July 3rd, 2008 — development, django, python
Introduction
Managing database changes in a team environment working on a django project can be complicated. I would imagine that there is no one size fits all solution and it would depend on team size and configuration, production database size, etc.
What I will outline here is a solution I developed for a small team that I work with on a django based web application. So far it has worked really well for allowing us to streamline database changes so we can stay in sync, deploy easily, and add small tweaks to the database (indexing, data manipulation, etc.) that is semi-automated.
The idea is based partly on Rails database migrations (though not has sleek and well put together) and a database versioning system that was used on a team that I have worked on previously using MS SQL in a corporate environment and a fairly decent team size. In one sense it is not nearly as well put together as either of these two solutions, but at the same time, it is pretty much hands off and has been working well for us for a number of months now.
Why not just use syncdb?
As nice as python manage.py syncdb is when the project is getting started and is still in early phases, it becomes less and less useful, mostly in handling schema changes. Since syncdb only creates a model if it doesn’t already exist in the database, we found ourselves outputting sql with python manage.py sql APP_NAME and then making adhoc ALTER TABLE scripts from the CREATE statements and passing them around to each other and then trying to remember the order to apply them in production.
Furthermore, syncdb left us without a way to alter data, add indexes, remove indexes, etc. Granted that wasn’t it’s intent and I am certainly not trying to beat up syncdb — it does what it does well.
The Solution
In order to address this, it seemed the most natural thing was to have some structured and ordered way to write SQL scripts that were applied in a uniform manner so that it was repeatable. This way we could run on our development databases, on test databases, and in deployment on production all the same way.

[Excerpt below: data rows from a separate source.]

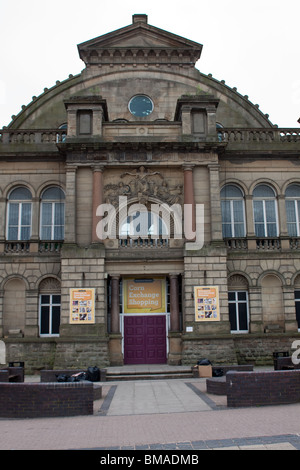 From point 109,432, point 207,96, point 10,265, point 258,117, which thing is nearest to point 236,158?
point 207,96

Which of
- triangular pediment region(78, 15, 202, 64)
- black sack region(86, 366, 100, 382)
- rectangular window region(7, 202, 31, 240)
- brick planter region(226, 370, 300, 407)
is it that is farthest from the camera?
triangular pediment region(78, 15, 202, 64)

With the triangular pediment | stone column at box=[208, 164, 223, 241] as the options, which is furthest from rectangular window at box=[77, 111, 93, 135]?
the triangular pediment

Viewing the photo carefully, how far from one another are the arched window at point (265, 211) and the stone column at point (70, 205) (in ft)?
29.8

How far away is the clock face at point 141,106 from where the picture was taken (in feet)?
88.3

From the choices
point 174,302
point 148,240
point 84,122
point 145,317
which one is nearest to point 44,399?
point 174,302

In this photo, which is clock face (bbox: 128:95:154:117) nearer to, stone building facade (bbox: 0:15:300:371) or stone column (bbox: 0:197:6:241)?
stone building facade (bbox: 0:15:300:371)

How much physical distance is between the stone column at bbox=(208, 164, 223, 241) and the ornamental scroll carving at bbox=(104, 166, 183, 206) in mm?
1509

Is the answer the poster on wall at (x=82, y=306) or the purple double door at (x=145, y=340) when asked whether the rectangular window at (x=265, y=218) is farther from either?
the poster on wall at (x=82, y=306)

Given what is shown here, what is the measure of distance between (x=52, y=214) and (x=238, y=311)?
10.4 meters

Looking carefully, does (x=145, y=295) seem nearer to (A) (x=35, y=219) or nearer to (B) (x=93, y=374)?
(B) (x=93, y=374)

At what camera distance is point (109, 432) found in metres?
9.69

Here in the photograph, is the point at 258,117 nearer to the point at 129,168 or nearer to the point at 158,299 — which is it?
the point at 129,168

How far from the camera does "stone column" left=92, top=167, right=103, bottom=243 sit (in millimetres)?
21703

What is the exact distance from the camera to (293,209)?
957 inches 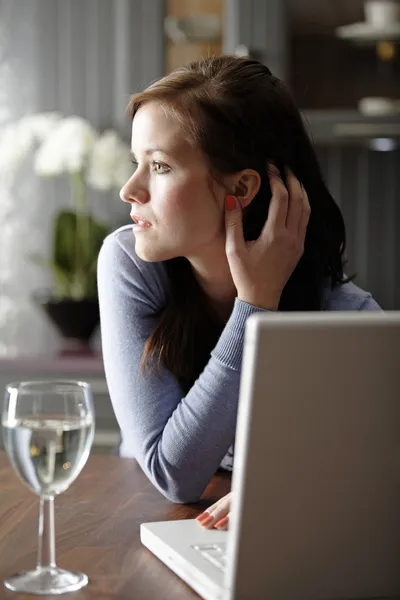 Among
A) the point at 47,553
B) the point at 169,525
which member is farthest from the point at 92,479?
the point at 47,553

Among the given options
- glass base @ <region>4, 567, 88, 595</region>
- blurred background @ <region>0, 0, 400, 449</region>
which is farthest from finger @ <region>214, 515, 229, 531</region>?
blurred background @ <region>0, 0, 400, 449</region>

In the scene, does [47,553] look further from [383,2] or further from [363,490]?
[383,2]

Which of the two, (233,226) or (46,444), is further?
(233,226)

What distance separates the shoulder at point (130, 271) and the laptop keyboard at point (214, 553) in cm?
62

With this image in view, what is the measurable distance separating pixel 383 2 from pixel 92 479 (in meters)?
2.12

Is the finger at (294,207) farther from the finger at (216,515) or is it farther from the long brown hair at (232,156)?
the finger at (216,515)

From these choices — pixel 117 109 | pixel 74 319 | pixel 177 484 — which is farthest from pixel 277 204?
pixel 117 109

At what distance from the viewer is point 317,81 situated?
3105mm

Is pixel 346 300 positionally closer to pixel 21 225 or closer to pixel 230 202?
pixel 230 202

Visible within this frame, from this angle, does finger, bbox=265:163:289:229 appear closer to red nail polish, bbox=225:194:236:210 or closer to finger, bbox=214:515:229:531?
red nail polish, bbox=225:194:236:210

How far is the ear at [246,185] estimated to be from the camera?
1546mm

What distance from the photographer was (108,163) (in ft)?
10.1

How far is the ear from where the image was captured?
1.55 meters

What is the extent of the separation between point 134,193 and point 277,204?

First step to achieve this was to version the database. This is accomplished with a simple table that will keep track of what it has executed along with some other metadata primarily for reference purposes.
CREATE TABLE `versions` (
`version` VARCHAR(200) NOT NULL,
`date_created` DATETIME NOT NULL,
`sql_executed` LONGTEXT NULL,
`svn_version` int null
);
In order to populate this table and keep versions consistent, the naming scheme of the sql scripts should follow something that lends itself to easy sorting:
YYYYMMDD-##.sql
where pound signs are zero-padded integers of the changes for the day. In a team environment, it is probable that two people might be working on a database change at the same time and therefore would be use 01. Whoever committed first would be able to keep the 01, the other developer would get a conflict message and need to rename his script to 02.
These scripts live in a db/ folder in our project. The name of this folder is not important, but it is important to keep all the sql scripts in a folder not mixed in with other files.
To tie it all together there is s simple python script that gets the list of applied changes from the database, gets a list of files in the current directory in order, filters out the ones that have been applied and then processes the remaining scripts. In processing the scripts, it opens each script and splits script down into individual statements (splitting on the semicolon). After execution of an entire script file is complete, the versions table is updated to reflect the applied version.
Running python upgrade.py by itself will simply print to standard output all the statements it plans to execute, so that they can be reviewed. Running python upgrade.py --execute will actually execute the scripts.
If an error was found in executing a statement, processing stops immediately.
You can find upgrade.py in Django Snippet 849.
Improvements
There are lots of improvements to this script that I’d like to add if I got around to it. The ones I’d like to see most is support for “rollbacks”. Comments and suggestions are most welcome!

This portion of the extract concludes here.